Le criticità maggiori hanno riguardato specificamente la difficoltà di gestione di alcune dinamiche del gruppo tramite piattaforma multimediale, per esempio in presenza di comportamenti provocatori o disfunzionali del singolo o in momenti in cui diversi partecipanti tentavano di prendere parola. Tale difficoltà, confrontata con le esperienze precedenti di conduzione di gruppi in presenza da parte dei clinici, appare riconducibile all’assenza di uno spazio fisico strutturato su misura degli obiettivi da raggiungere e delle attività da proporre, tenendo conto anche delle caratteristiche dei partecipanti.
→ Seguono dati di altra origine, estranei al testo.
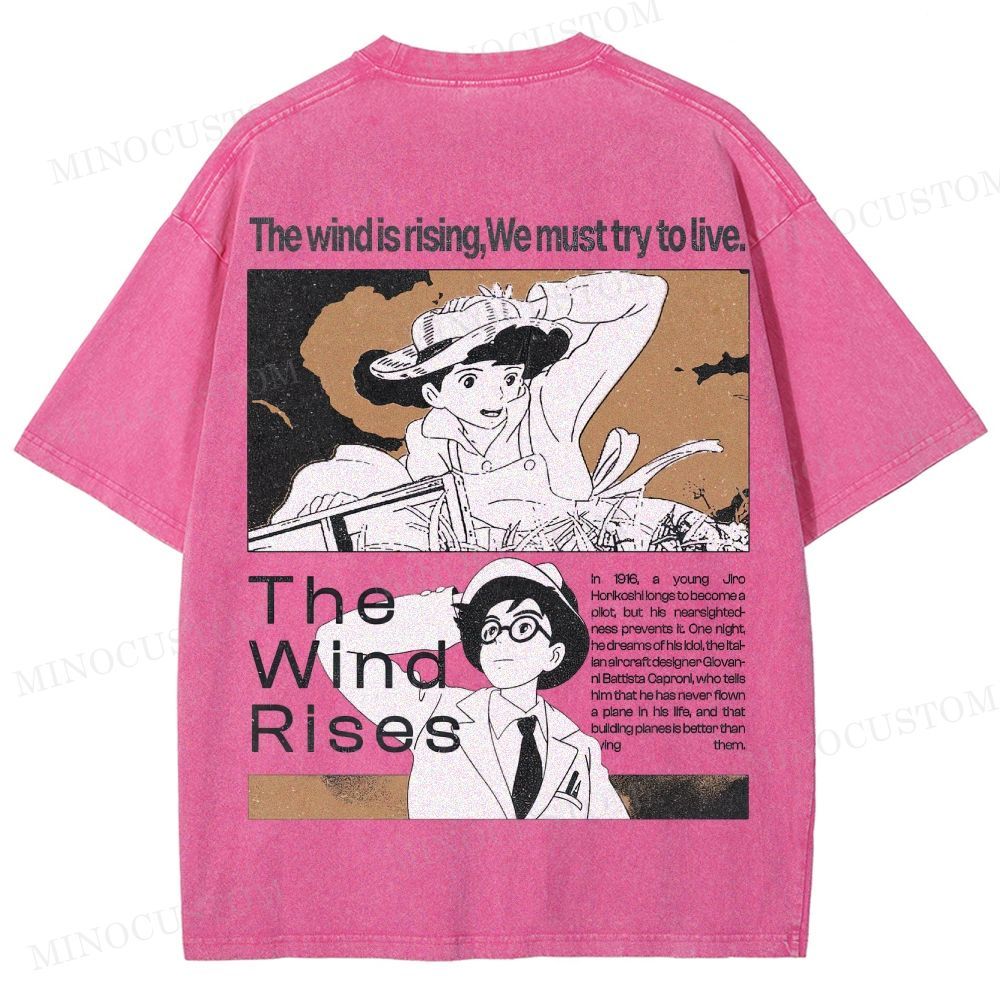 The Wind Rises Anime Drama Graphic Washed T - Shirt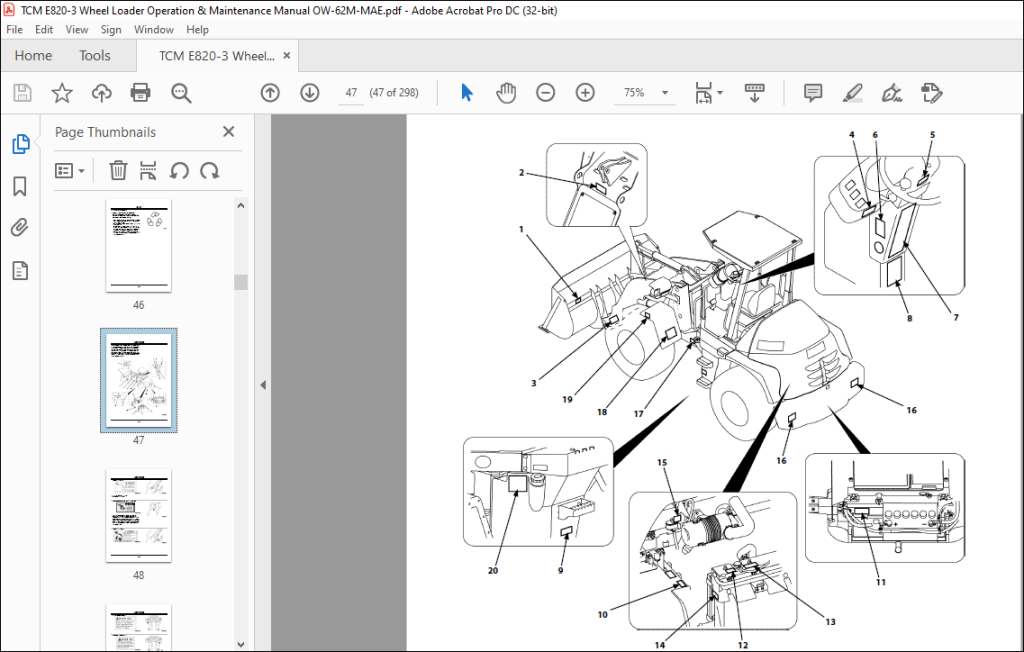 TCM E820-3 Wheel Loader Operation & Maintenance Manual OW-62M-MAE - PDF ...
Infatti, non sempre è stato possibile per le famiglie garantire spazi adeguati (ad esempio, assenza di distrattori); inoltre, la possibilità per i bambini di alzarsi dalla propria postazione e di prendere e utilizzare oggetti presenti nel proprio ambiente domestico ha talvolta interferito con le attività di lavoro.
Tali difficoltà sono state affrontate tramite diverse modalità: sono state create delle «stanze» virtuali in cui poter avere uno scambio diretto con i singoli partecipanti, al fine di garantire la possibilità di riflessione condivisa e riconduzione al compito ed è stato dedicato uno spazio di confronto negli incontri di terapia individuale, ove fossero previsti. Inoltre, la possibilità di utilizzare oggetti dell’ambiente domestico è stata sfruttata rendendola una richiesta esplicita finalizzata all’esecuzione di alcune attività proposte (ad esempio, prendere oggetti molto leggeri o molto pesanti e presentarli sullo schermo per indicare l’intensità delle emozioni; prendere oggetti di colore diverso per indicare la risposta scelta, ecc.).
I feedback sui contenuti e le considerazioni che i ragazzi, nel gruppo o separatamente insieme al terapista, ci hanno incoraggiato a credere nell’efficacia di questo intervento rivolto a potenziare il bagaglio di contenuti e strategie di fronteggiamento emotivi, ma anche a confermare una rinnovata fiducia verso il sostegno che le strategie cognitive possono fornire agli stati emotivi. Inoltre, a seguito dei colloqui conclusivi effettuati con i genitori, è emersa una generale soddisfazione. Più della metà dei genitori ha espresso il desiderio di ricevere anche in futuro e/o in presenza attività laboratoriali svolte in piccolo gruppo, in quanto sono stati osservati, in seguito all’esperienza in un contesto protetto e mediato, benefici nelle relazioni tra pari e una buona acquisizione dei contenuti proposti nei laboratori, ritenuti generalizzabili ai contesti di vita.
Infine, l’esperienza ha rinnovato nel nostro gruppo la consapevolezza dell’importanza di un lavoro in équipe multidisciplinare per la presa in carico dei disturbi del neurosviluppo, in quanto le specifiche competenze professionali delle due figure coinvolte (psicologo, TNPEE) si sono dimostrate sinergiche e in grado di compensarsi quando necessario. Inoltre, la specificità di ognuno ha contribuito ad arricchire la competenza e il punto di vista dell’altro in un circolo virtuoso di crescita professionale oltre che umana.
Abstract
This article shares a group laboratory experience on-line that our professional team activated in June and July 2020. «Emotions and well-being. Laboratory for emotional education», is the particular laboratory experience reported that allowed us to offer a developmentally specific proposal for different age groups. The experience was directed to children from 8 to 13 years of age having a Neurodevelopment Disorder diagnosis and already in our care. It involved 14 children who were divided into three groups according to their age and diagnosis, and therefore offered specific objectives to better enable the patients.
Keywords
SARS-CoV-2, child development, Developmental Neuro and Psychomotor Therapist (TNPEE), Psychology, Laboratories, Emotional education.